The defence counsel for war crimes accused Syed Mohammad Qaiser on Sunday apparently made a futile exercise to discredit the evidence of valiant freedom fighter Mohammad Ali Pathan (PW-4), travelling beyond the periphery of the war crimes incidents allegedly perpetrated by the accused and his cohorts in collaboration with Pakistan occupation army.
While facing the defence cross-examination, PW Mohammad Ali Pathan told the International Crimes Tribunal-2 that he had know knowledge whether Faisal and Shahjahan, the siblings of the accused, were members of the All-Party Action Committee at Madhabpur in Habiganj during the Liberation War.
“I had also no idea whether Faisal and Shahjahan helped supply food regularly for the freedom fighters from day one of the Liberation War,” he said.
Denying defence suggestions, the PW-4 said with confidence that on April 27 in 1971, not the following day (April 28), the Pakistan occupation army and its auxiliary forces led by the accused invaded Madhabpur and carried out the atrocities in and around the area.
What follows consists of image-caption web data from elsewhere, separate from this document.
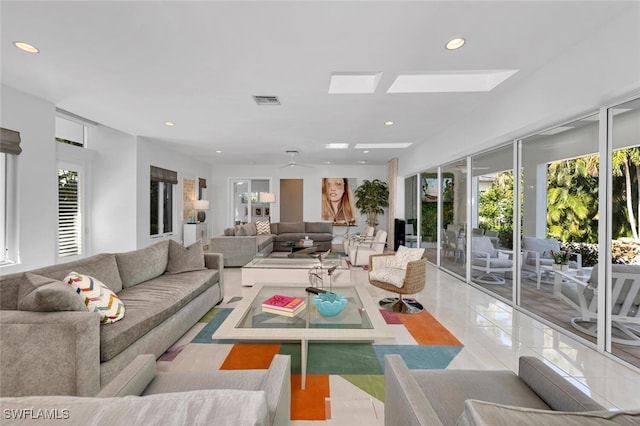 tiled living room featuring ceiling fan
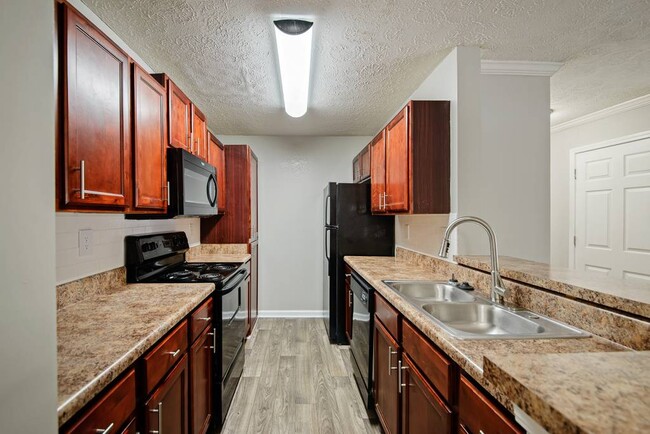 Cherry Wood Upgrade: Cherrywood cabinets, black appliances, updated lighting - Crestmark Apartment Homes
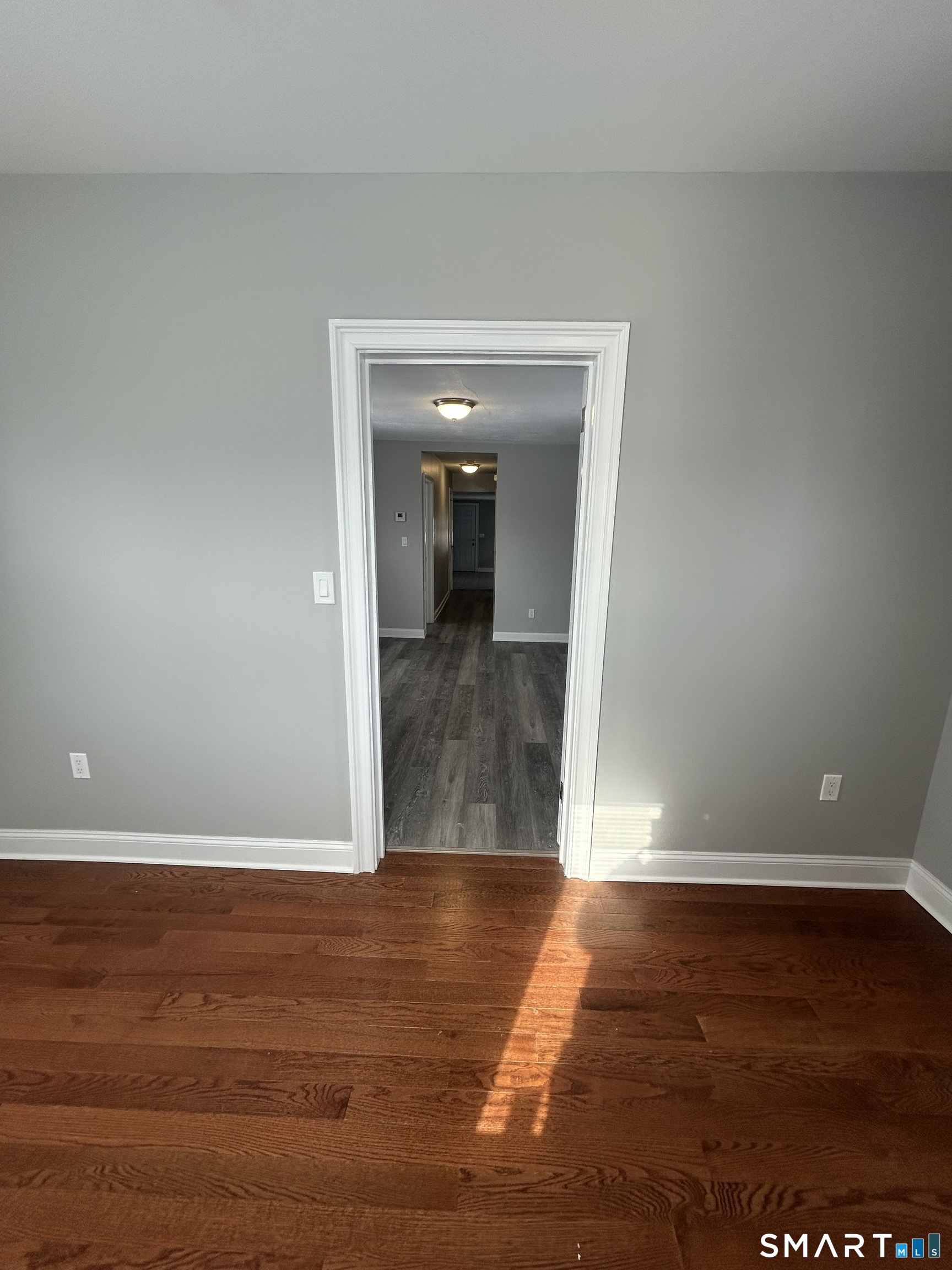 54 Forest Street, Unit 2 Torrington, CT 06790 - Photo 36 of 36 a view of a room with wooden floor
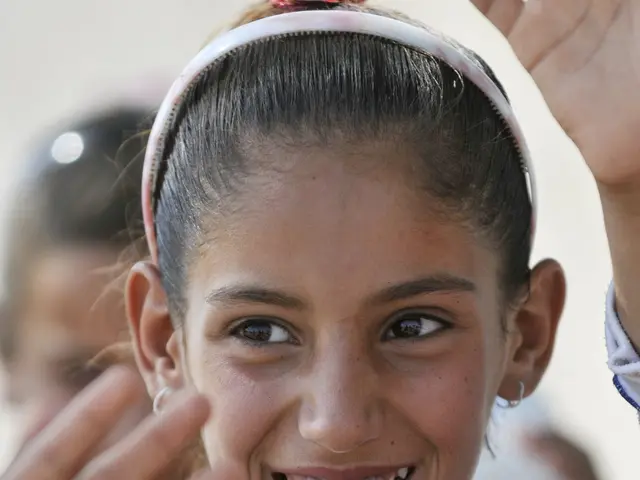 The image shows a young girl in a school uniform smiling and waving to the camera, with a few other...
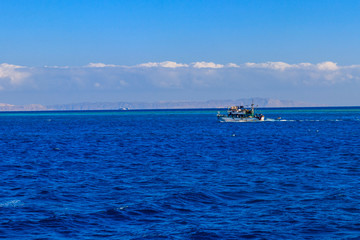 Fishing trawler sails at Red sea in Hurghada, Egypt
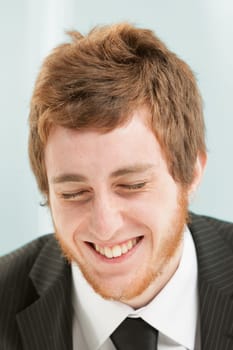 Close-up portrait of young man with short red hair and beard. Positive expression of laughter, his eyes are closed and he is trying not to laugh but he can't help himself and is snickering happily.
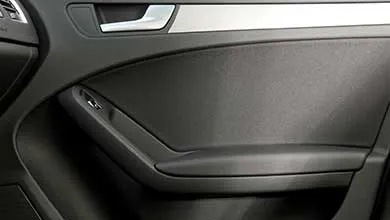 Close-up of a car's dark gray interior door panel with a silver door handle, silver trim, and a grab handle featuring a window switch.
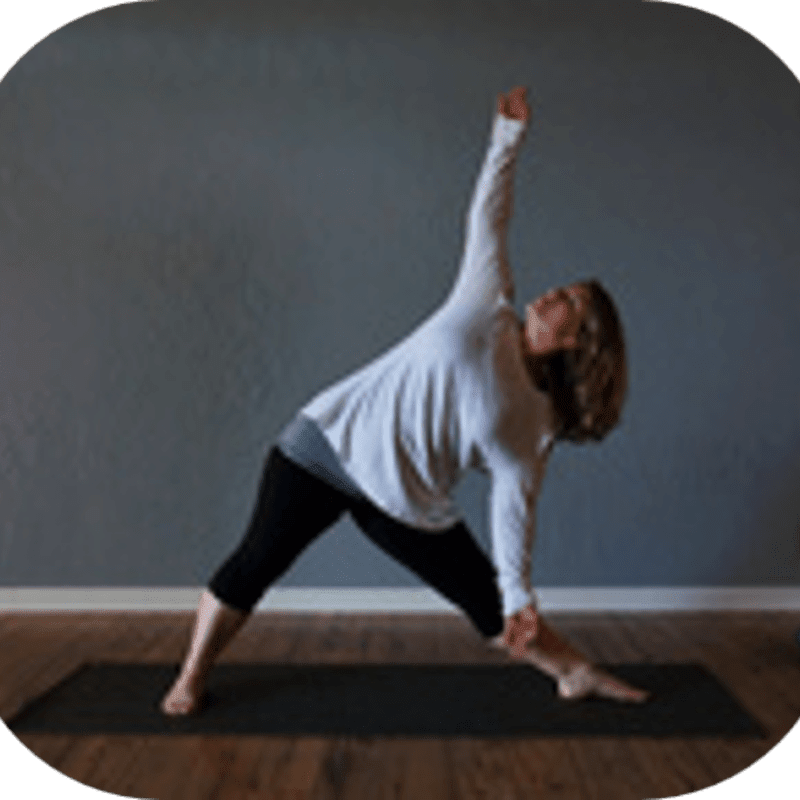 A woman in a white shirt and black leggings performs a triangle pose on a yoga mat in front of a gray wall.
“It’s not true that I made tutored evidence before the tribunal incriminating accused Qaiser in the case of war crimes,” he said.
After closing the cross-examination of PW-4, designated prosecutor Rana Dasgupta submitted a plea before the three-member tribunal, headed by Justice Obaidul Hassan, to allow its next female witness (PW-5) to make her evidence in camera as a Liberation War victim.
Allowing the prosecution plea, the tribunal fixed April 9 for her deposition followed by cross-examination in camera, asking both the sides to maintain secrecy of the camera trial session, including the name of the PW-5.
On February 2, dismissing his discharge plea, the tribunal indicted Syed Mohammad Qaiser, a former junior minister during Gen (retd) Ershad’s rule, for his involvement in crimes against humanity, including genocide, in 1971 Liberation War.
On August 5 last year, responding to a petition, the tribunal granted bail to Qaiser, subject to conditions, on medical and humanitarian grounds.
Septuagenarian Qaiser, a turncoat politician, was arrested on May 21 last year in connection with the war crimes case.
On November 14 last year, after perusing the formal charge with 18 count offences submitted by the prosecution and the relevant documents, the tribunal took cognizance of the formal charge as it found prima facie case against the accused under sections 3(2) and 4(1) (2) of the International Crimes (Tribunals) Act 1973.
According to the investigation agency, after the independence of Bangladesh, Qaiser, a former Pakistan Convention Muslim League activist, entered politics by joining BNP and subsequently became the president of Habiganj BNP. Later, he quit BNP to join Ershad’s Jatiya Party and became state minister for agriculture in 1989. Latest information says that he joined the Liberal Democratic Party (LDP) of Col (retd) Oli Ahmed.
Qaiser, as a local Peace Committee leader during the Liberation War, had formed a vigilante group ‘Qaiser Force’ after his name comprising 500-700 of his trusted men in Habiganj and committed crimes against humanity, including genocide, in collaboration with the Pakistani occupation army.
At the latter part of the Liberation War, he fled to London and returned to the country after the August 1975 political changeover.